LISTED RECORDS Start Marker

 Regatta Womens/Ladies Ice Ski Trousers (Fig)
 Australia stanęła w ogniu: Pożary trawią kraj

LISTED RECORDS End Marker
LISTED RECORDS Start Marker

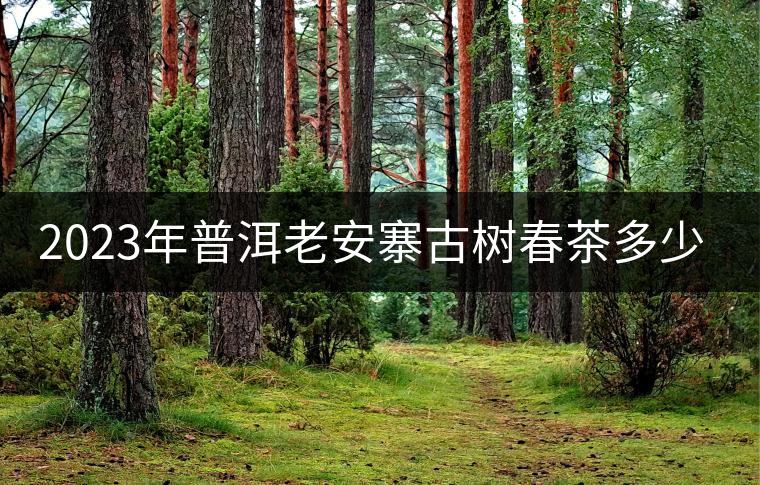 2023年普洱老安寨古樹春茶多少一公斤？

LISTED RECORDS End Marker

◆ YOUR GOAL: Among the entries above, the lines between the ones containing "Regatta Womens/Ladies Ice Ski Trousers (Fig)" and "Australia stanęła w", inclusive, are to be transcribed exactly. No other line is to be given.

◆ TASK ANSWER:
 Regatta Womens/Ladies Ice Ski Trousers (Fig)
 Australia stanęła w ogniu: Pożary trawią kraj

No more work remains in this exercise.